Object Based DSMs • Let the programmer define the unit of sharing and then provide each shared object with something like load, modify and save methods. • They can eliminate false sharing, but they often aren’t as easy to use.
DIPC • Distributed Inter Process Communication • Page Based. • It’s an extension to the Linux Kernel Specifically it extends SYSTEM V IPC
SYSTEM V IPC? • Like an alternative to threads, it lets arbitrary unrelated processes work together. • Threads share the program's entire global space. • For shmem, processes explicitly declare what is shared. • SYSTEM V IPC also means messages and semaphores.

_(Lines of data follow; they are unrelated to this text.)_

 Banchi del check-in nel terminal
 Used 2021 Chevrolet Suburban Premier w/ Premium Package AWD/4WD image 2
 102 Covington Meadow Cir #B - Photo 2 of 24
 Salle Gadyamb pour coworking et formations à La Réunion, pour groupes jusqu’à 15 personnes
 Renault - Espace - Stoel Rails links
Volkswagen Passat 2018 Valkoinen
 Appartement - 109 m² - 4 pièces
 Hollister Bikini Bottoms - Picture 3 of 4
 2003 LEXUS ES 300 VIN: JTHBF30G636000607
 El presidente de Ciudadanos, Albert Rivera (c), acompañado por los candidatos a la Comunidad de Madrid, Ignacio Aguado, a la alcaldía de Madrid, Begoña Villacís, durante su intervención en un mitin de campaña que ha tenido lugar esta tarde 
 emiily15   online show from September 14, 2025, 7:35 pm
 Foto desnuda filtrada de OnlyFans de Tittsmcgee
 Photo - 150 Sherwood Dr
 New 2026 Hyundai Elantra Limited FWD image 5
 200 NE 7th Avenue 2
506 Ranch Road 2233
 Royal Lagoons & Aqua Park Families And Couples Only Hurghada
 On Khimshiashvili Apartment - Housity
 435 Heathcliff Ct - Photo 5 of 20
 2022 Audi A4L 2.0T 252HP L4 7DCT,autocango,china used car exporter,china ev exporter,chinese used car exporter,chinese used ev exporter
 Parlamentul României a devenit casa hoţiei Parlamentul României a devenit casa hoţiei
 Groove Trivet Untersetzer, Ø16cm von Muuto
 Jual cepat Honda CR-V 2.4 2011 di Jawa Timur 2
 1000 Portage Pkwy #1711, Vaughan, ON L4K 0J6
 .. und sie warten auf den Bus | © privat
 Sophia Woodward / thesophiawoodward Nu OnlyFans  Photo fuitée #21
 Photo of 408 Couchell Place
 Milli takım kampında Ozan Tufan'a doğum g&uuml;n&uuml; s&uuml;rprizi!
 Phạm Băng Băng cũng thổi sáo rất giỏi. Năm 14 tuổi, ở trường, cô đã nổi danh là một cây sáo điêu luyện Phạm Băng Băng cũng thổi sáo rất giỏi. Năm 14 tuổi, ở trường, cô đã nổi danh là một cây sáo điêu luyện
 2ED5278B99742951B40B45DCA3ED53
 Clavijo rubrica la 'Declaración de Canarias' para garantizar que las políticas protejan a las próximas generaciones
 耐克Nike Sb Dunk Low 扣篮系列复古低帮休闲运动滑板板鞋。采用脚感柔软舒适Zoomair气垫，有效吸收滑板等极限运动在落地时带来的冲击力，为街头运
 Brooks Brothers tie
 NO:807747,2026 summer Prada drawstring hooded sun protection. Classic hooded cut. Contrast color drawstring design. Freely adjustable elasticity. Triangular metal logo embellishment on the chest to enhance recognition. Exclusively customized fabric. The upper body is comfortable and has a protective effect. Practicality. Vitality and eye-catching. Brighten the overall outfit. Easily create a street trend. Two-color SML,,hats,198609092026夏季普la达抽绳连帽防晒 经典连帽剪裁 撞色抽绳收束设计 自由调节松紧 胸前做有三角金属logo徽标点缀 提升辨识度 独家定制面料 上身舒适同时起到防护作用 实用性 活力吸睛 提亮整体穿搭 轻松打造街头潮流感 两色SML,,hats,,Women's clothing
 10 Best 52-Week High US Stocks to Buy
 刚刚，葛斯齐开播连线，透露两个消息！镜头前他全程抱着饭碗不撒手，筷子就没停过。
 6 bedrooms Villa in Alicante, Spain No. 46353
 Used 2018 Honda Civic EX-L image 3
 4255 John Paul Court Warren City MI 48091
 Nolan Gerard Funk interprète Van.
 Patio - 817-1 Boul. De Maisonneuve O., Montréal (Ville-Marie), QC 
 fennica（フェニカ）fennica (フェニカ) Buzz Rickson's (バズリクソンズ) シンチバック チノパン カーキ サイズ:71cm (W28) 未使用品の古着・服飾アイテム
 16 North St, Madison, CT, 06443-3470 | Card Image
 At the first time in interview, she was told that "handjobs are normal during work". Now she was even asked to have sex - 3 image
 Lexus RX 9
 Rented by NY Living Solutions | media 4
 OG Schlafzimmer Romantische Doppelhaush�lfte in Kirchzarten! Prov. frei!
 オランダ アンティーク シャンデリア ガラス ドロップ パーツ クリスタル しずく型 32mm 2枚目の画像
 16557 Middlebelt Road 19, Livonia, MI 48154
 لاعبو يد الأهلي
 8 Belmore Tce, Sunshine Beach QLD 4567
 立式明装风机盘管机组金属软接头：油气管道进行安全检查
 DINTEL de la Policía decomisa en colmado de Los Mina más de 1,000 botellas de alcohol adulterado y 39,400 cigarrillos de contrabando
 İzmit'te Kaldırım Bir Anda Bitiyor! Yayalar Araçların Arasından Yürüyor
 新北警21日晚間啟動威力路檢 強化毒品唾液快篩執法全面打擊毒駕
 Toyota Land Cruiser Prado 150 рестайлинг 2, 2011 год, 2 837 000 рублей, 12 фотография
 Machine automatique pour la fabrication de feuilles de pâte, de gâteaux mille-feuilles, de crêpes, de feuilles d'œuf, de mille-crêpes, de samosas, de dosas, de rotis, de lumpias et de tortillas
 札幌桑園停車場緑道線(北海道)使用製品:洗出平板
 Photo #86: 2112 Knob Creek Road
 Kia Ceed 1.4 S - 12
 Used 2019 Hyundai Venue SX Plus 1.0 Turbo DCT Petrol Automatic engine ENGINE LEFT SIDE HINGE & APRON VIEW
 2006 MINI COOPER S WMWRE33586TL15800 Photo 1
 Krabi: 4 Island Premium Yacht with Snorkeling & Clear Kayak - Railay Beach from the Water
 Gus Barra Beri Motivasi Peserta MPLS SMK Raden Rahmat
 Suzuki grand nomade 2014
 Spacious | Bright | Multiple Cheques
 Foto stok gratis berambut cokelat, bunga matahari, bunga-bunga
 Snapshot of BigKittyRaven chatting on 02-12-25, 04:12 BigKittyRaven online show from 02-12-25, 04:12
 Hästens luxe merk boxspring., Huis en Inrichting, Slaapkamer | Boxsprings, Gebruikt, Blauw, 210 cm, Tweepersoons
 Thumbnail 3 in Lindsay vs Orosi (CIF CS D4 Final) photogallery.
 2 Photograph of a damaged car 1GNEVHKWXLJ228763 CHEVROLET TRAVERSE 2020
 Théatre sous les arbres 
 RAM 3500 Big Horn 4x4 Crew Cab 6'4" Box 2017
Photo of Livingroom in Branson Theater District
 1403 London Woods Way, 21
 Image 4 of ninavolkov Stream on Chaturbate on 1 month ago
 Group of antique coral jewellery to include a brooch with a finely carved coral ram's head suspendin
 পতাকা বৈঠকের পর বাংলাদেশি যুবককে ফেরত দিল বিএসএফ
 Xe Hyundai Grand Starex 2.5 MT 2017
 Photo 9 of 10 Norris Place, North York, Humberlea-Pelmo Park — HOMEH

Basic idea //create an object to share volatile struct shared { int i; } *shared; //make the object shareable shmid = shmget(IPC_PRIVATE, sizeof(struct shared), (IPC_CREAT | 0600)); shared = ((volatile struct shared *) shmat(shmid, 0, 0)); shmctl(shmid, IPC_RMID, 0); //start children, now they don't have copies of “shared”, they all actually access the original one. fork() //all children can access the shared whenever they want shared->i = 0;
How would this change for DIPC? #define IPC_DIPC 00010000 shmid = shmget(IPC_PRIVATE, sizeof(struct shared), (IPC_CREAT | IPC_DIPC | 0600) ); //Same thing applies for semget and msgget.
DIPC works by adding a small modification to the Linux kernel. The kernel looks for IPC_DIPC structures, and bumps them out to a user level daemon. Structures without the flag are treated normally. The daemon satisfies the request over the network, and then returns the data to the kernel. Which in turn returns the data to the user process.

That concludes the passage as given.